Exercise details - Your task is to restate word for word the lines in the material below, from the one with "仙剑奇侠传三紫萱我与紫萱的巫师之旅揭秘她的魔力世界" up to and including the one with "KETSETSIDI BROS". Do not carry over the pictures.

Data supplied -
■ ■ ■ ■

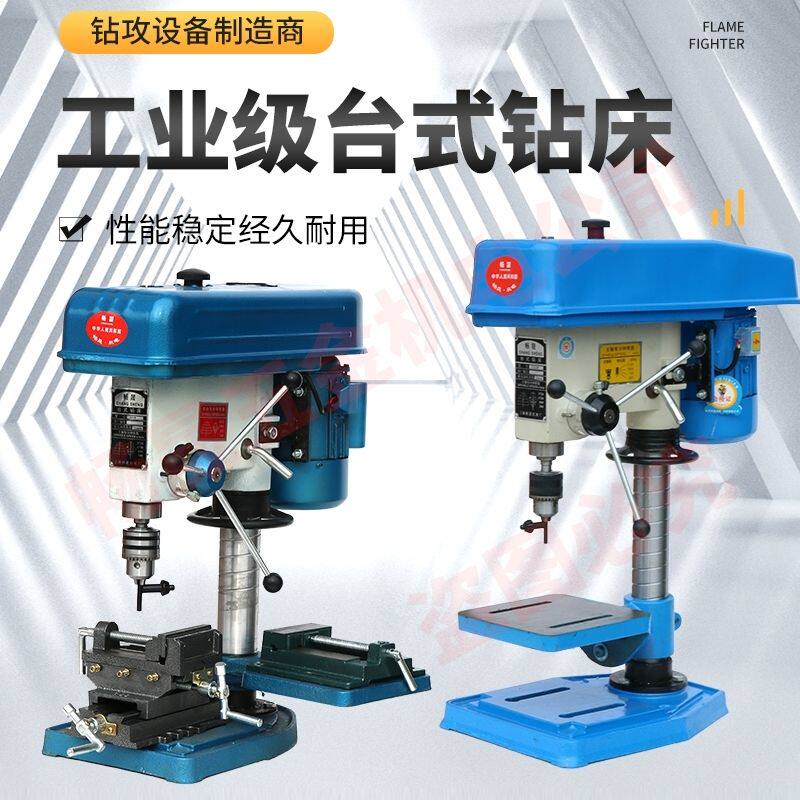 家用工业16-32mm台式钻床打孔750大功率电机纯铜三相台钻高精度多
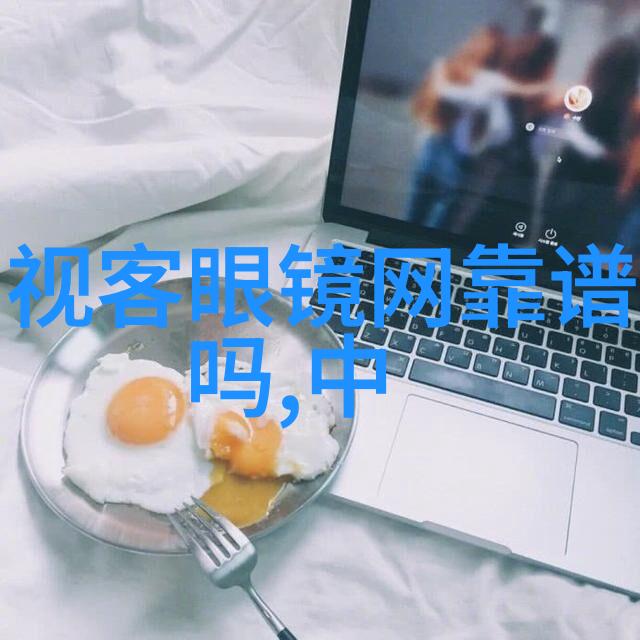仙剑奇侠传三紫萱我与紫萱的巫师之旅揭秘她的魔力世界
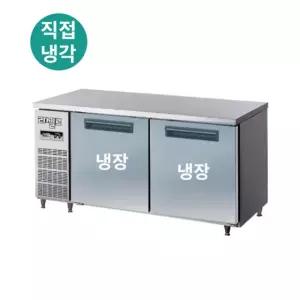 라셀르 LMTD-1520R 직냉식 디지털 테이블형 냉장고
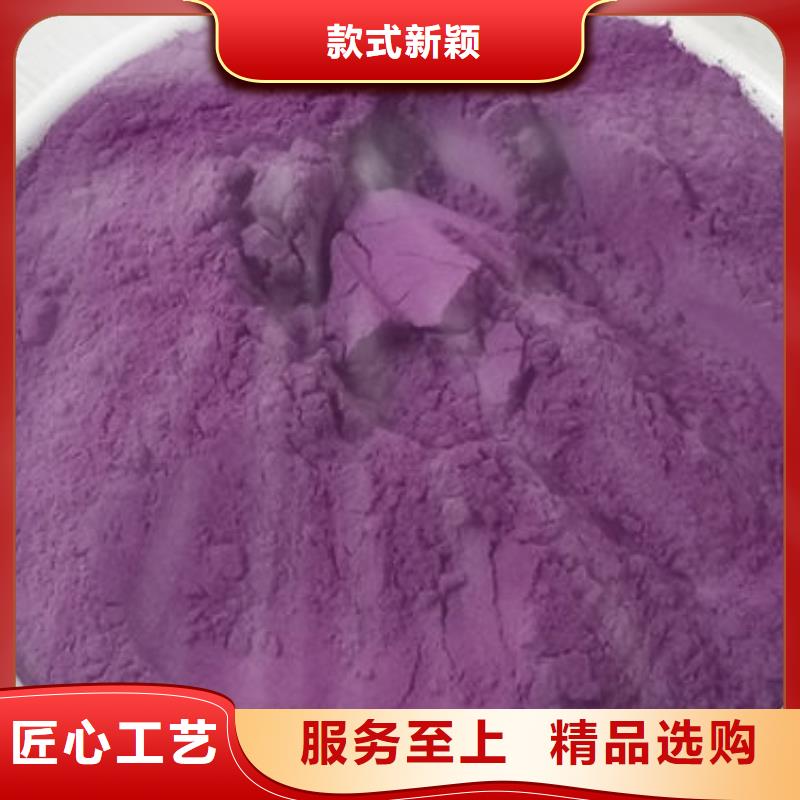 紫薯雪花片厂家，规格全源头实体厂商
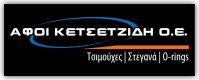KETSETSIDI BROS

■ ■ ■ ■

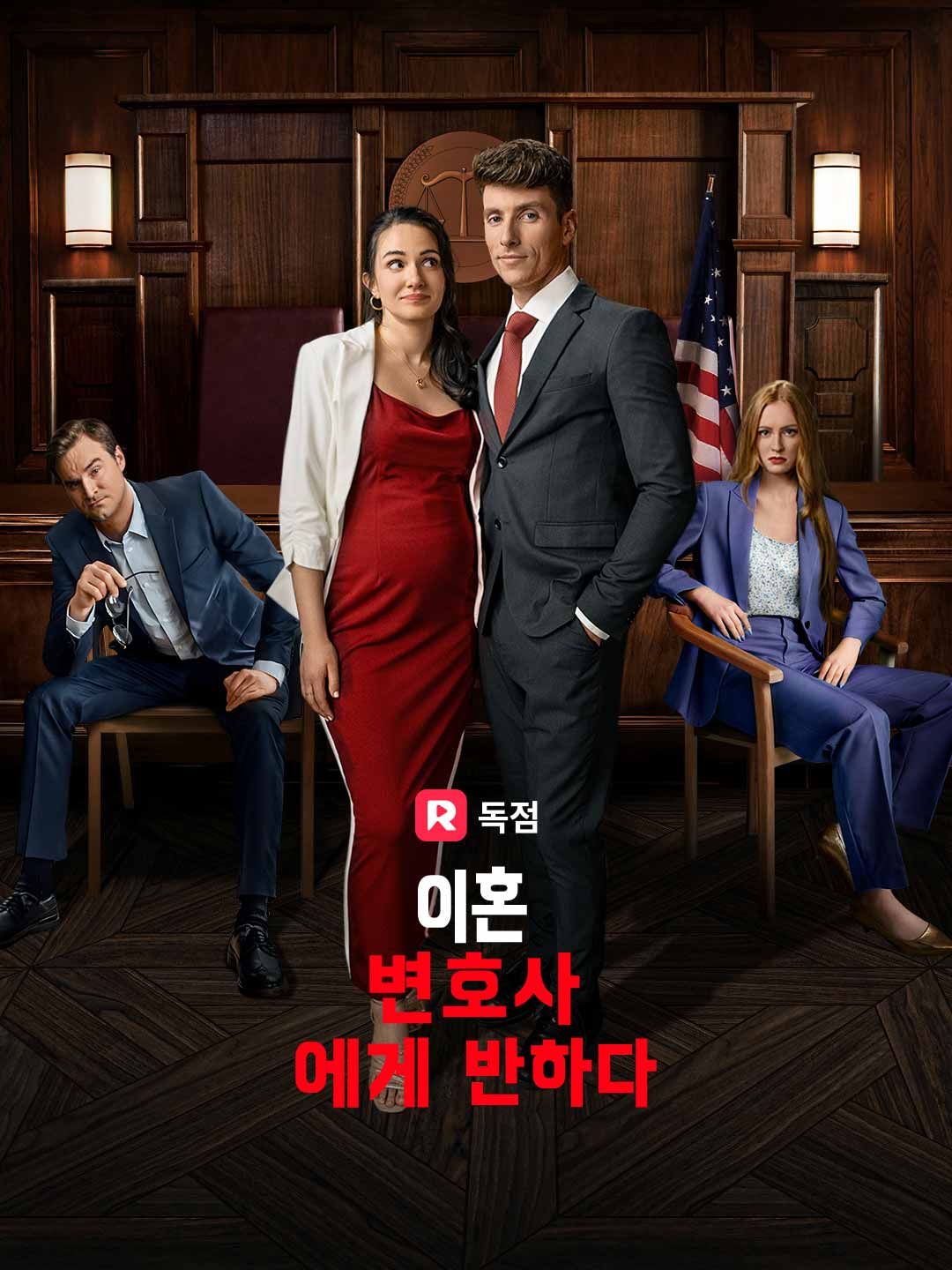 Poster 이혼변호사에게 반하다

■ ■ ■ ■

Exercise response -
仙剑奇侠传三紫萱我与紫萱的巫师之旅揭秘她的魔力世界
 라셀르 LMTD-1520R 직냉식 디지털 테이블형 냉장고
 紫薯雪花片厂家，规格全源头实体厂商
KETSETSIDI BROS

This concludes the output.